▶ _Source material_:
******

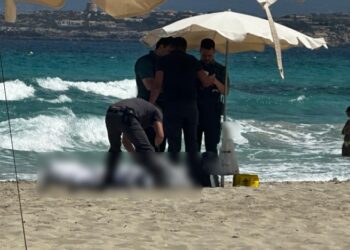 Italiano morto a Formentera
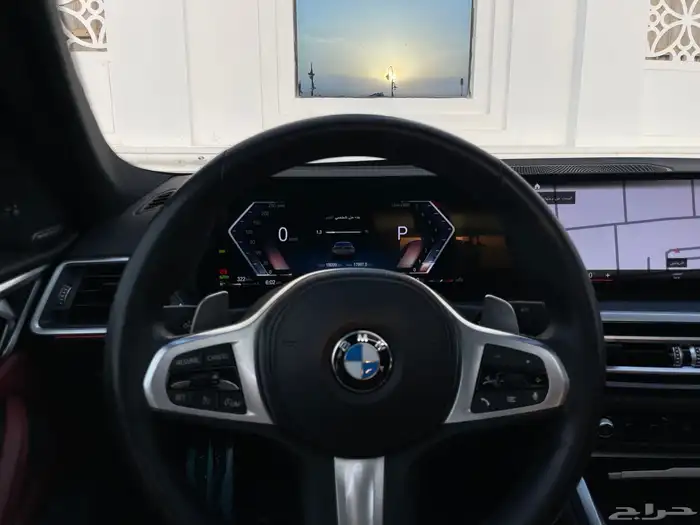 للبيع BMW - 2024 - 430i نظيفة جدا 57
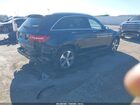 2017 Mercedes-benz Glc 300   Синий vin: WDC0G4JB9HF175420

******

▶ _What is required_:
Return the full set of lines above word for word and with no pictures.

▶ _Output_:
 Italiano morto a Formentera
 للبيع BMW - 2024 - 430i نظيفة جدا 57
 2017 Mercedes-benz Glc 300   Синий vin: WDC0G4JB9HF175420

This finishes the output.